NBT photo guide 3: Panoramas
I’m a big fan of stitched-together panorama photos. Aside from being able to capture nice landscapes into single photos you can also get resolutions that you wouldn’t normally get. There are a lot of options for panorama software for the iPhone, but those are of course limited by the quality of the built in camera. As Allen just wrote, I see limited uses of such cameras in tablets, and even in smartphones they’re only good for situations where you don’t have anything else. However if you have the iPad, you can easily pair it with a real camera- and that gives panorama apps new uses altogther.
As I said there are many apps out there that can stitch together panoramas, but my favorite is the $1.99 AutoStitch (normally $2.99).

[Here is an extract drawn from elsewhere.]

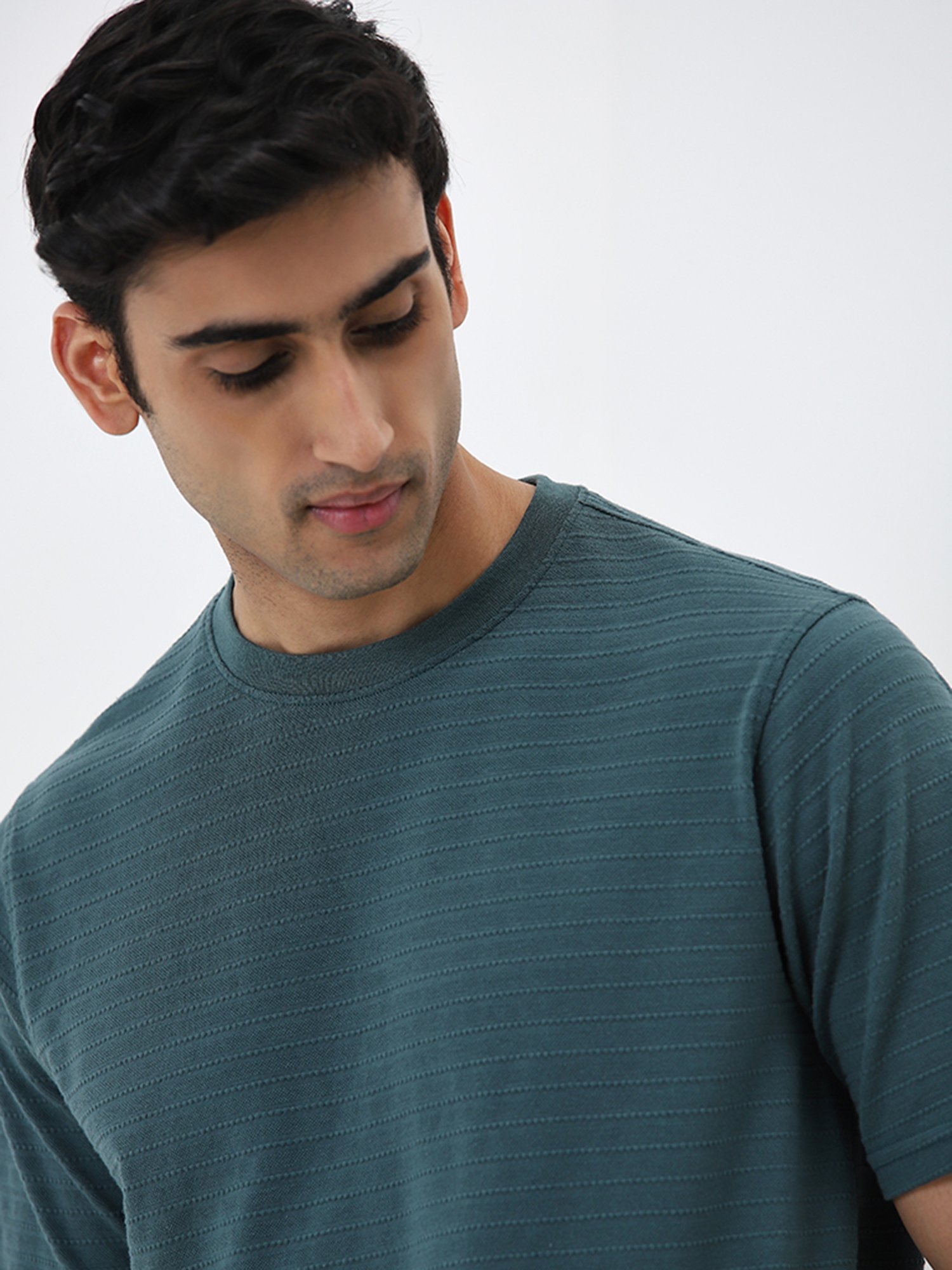 WES Lounge by Westside Dark Sage Self-Stripe Relaxed-Fit Cotton T-Shirt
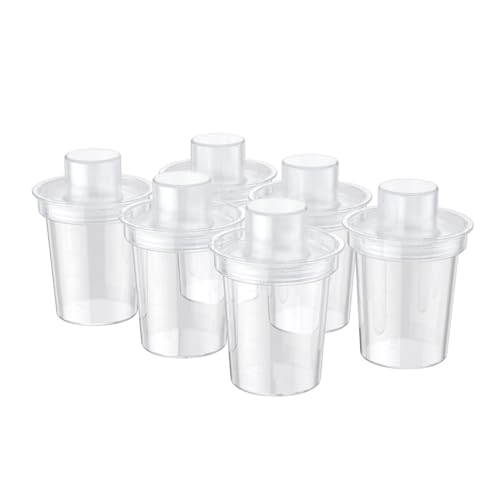 Juego de 6 recipientes de almacenamiento para bebés de 80 ml de capacidad, caja de almacenamiento transparente de leche en polvo para bebés, cajas de cereales esenciales, dispensadores de leche en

It has always given my good results without getting lost when stitching together pictures with few unique details to go by, something that I’ve had issues with on certain PC programs. It also has the ability to output 18 megapixel photos, which is a nice size that balances file size, performance hog and details nicely. I’ve done a few panoramas using Microsoft ICE on my PC and that program can output images that are more than a hundred megapixels, though it hogs the computer both when rendering the picture and when displaying it. For the record, to display 100 megapixels in full size you’d need 50 1080p monitors or about 130 iPads.
The video below shows the entire process of creating a panorama photo in AutoStitch by stitching together photos from my DSLR camera, except for the part where I actually shot the original photos. This was just a quick demo so it’s not the best looking panorama out there, but it will give you an idea of how things work. When shooting source photos for photos like these, there are a few things to remember.
First off, manual shooting is the best way to go as otherwise the camera might change settings too much from one picture to the other and give you parts of the final image where everything is too dark or too light. In the demo photo I shot directly towards the sun which is never good, and since I used manual settings optimized for a part of the view that was not towards the sun, the resulting panorama becomes brighter and brighter as you get close to pointing towards the sun. Ideally you would try to avoid such scenarios altogether. You could also try to create HDR photos to make up for these situations but if you’re that advanced you’re probably using something like Adobe Bridge to stitch photos and not an iPad app. This method is more for average users who just want to create nice looking panoramas directly on the iPad without too much effort.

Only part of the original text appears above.